→ Work order
Leave out any picture and return the remaining listing below exactly as given.

*** Opening of Source material ***

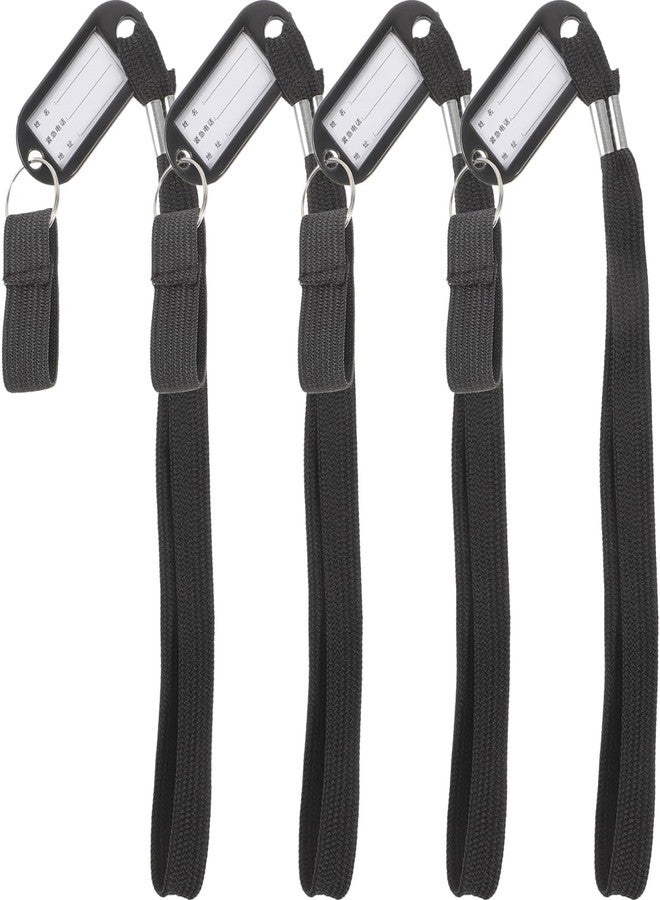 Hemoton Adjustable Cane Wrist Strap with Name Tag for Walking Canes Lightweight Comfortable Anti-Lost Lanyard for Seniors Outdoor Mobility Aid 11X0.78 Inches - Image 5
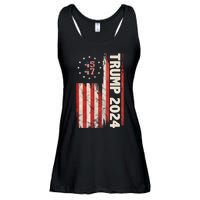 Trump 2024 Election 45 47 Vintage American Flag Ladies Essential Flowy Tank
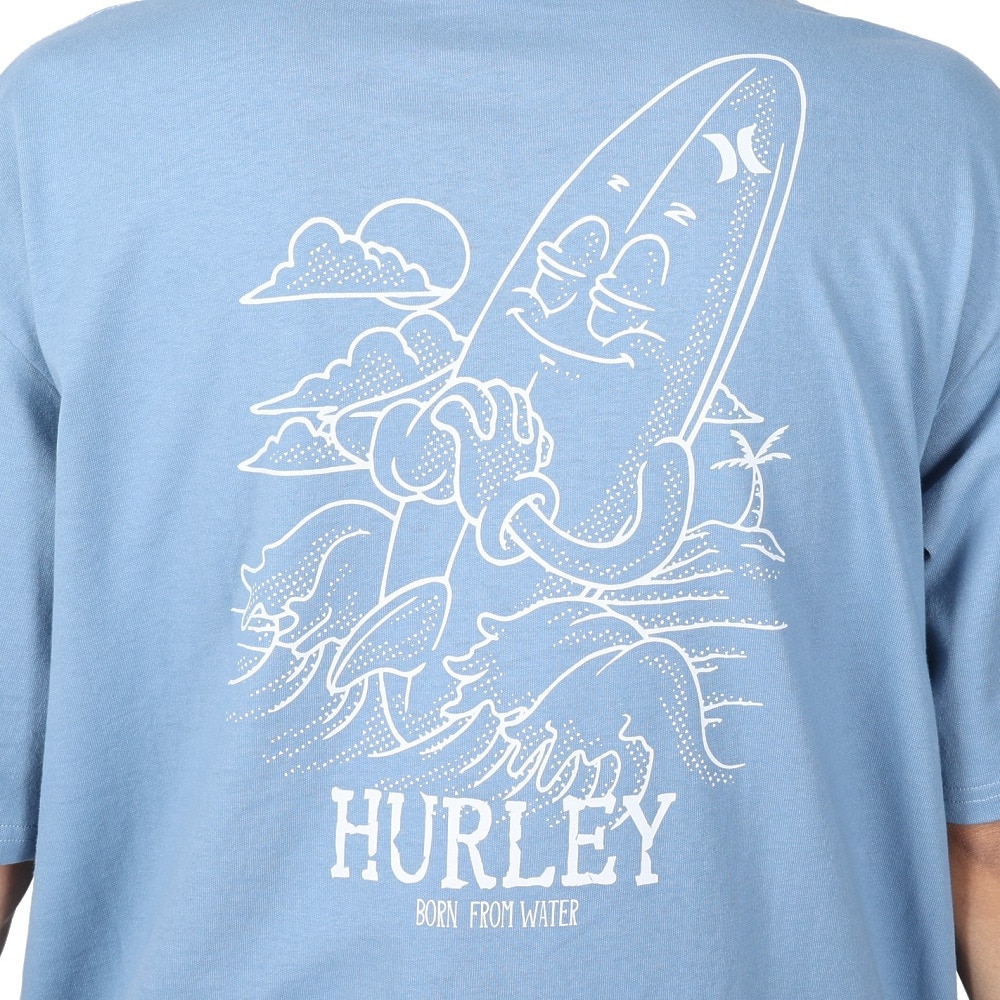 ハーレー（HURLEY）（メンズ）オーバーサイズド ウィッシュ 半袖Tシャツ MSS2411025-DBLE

*** Close of Source material ***

→ Response to the exercise
 Hemoton Adjustable Cane Wrist Strap with Name Tag for Walking Canes Lightweight Comfortable Anti-Lost Lanyard for Seniors Outdoor Mobility Aid 11X0.78 Inches - Image 5
 Trump 2024 Election 45 47 Vintage American Flag Ladies Essential Flowy Tank
 ハーレー（HURLEY）（メンズ）オーバーサイズド ウィッシュ 半袖Tシャツ MSS2411025-DBLE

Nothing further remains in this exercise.